Taking the 14th

Reckless drive to repeal birthright citizenship offers short-term gain, long-term danger for Republicans

August 15, 2010

The movement to revise the 14th Amendment has seemingly blown up out of nowhere, like the sudden storm that rolled across our area the other morning. The renewed interest in repealing birthright citizenship won't disappear nearly so quickly, though its staying power beyond the November election is open to serious question.

"All persons born or naturalized in the United States, and subject to the jurisdiction thereof, are citizens of the United States and of the State wherein they reside." Those words, ratified soon after the Civil War, were mainly designed to turn former slaves into citizens. At the time, there was also full realization that America would be granting citizenship to children of Chinese workers and other unpopular foreigners. Finally realizing the founders' dream of equality for all, regardless of one's station in life, was more important to the (Republican) advocates of the 14th Amendment than the small-minded thinking of its opponents.

Now, prominent modern-day Republicans are helping legitimize a growing effort to roll back the guarantee of citizenship to all children born on U.S. soil, regardless of their parents' immigrant status. In the same way that excess moisture in the atmosphere feeds a violent downpour, anxieties produced by bad economic times have fueled a dark surge of anti-immigrant sentiment.
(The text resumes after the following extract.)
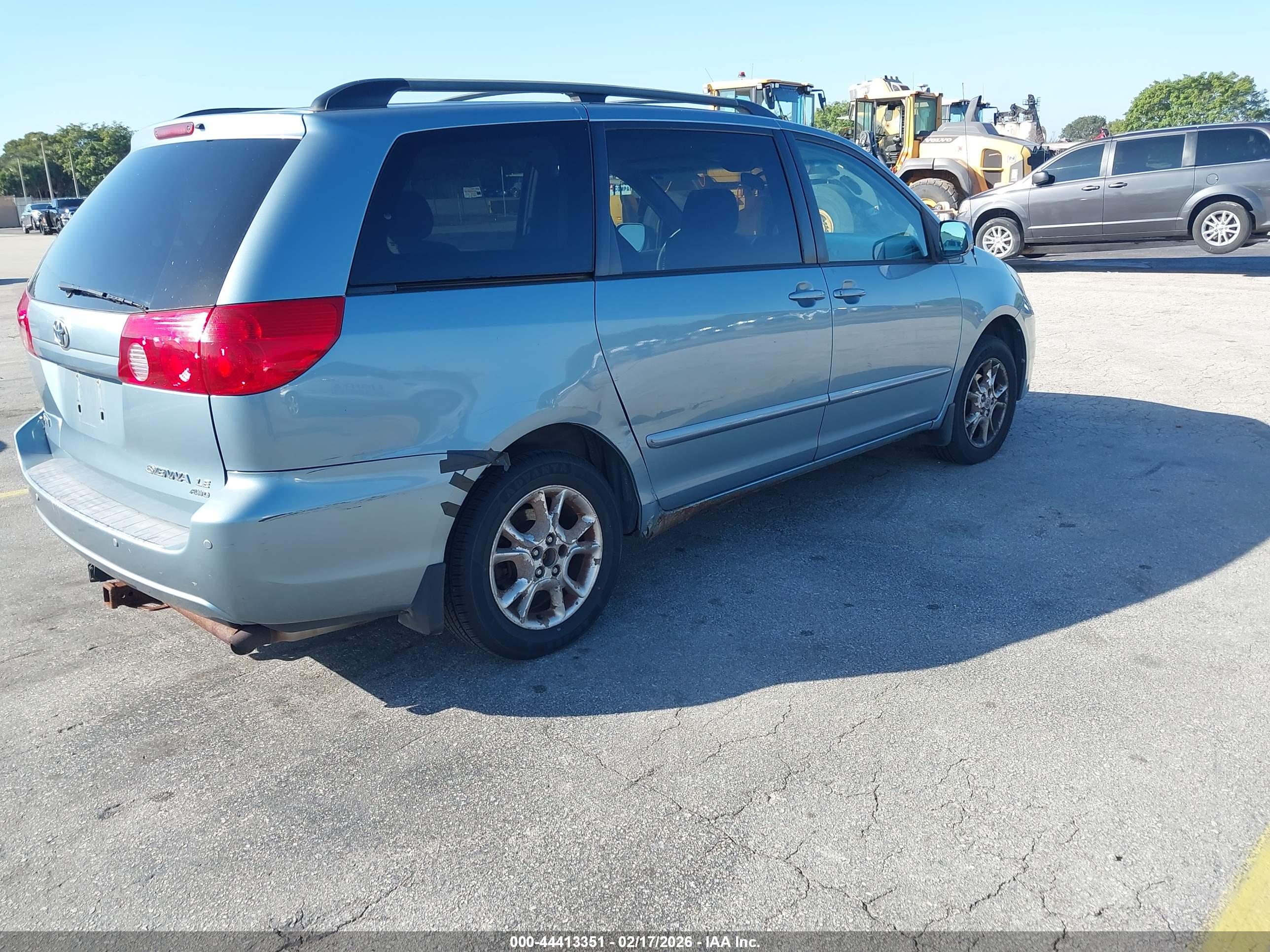 TOYOTA SIENNA image 4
Demands for a new crackdown on illegal immigration are being heard from Arizona to Maryland's Eastern Shore as the campaign season heats up, with conservative Republicans leading the charge.

Critics of birthright citizenship claim illegal immigrants are now coming to America in droves for the express purpose of delivering "anchor babies," newborns whose automatic citizenship not only confers a host of benefits on the children but could make it easier for their relatives to become U.S. citizens when these babies turn 21. No one knows how many women come illegally simply to deliver a child, though indications are the numbers are very low. Research indicates that the overwhelming majority of illegal immigrants who give birth here have been in the U.S. for at least a year.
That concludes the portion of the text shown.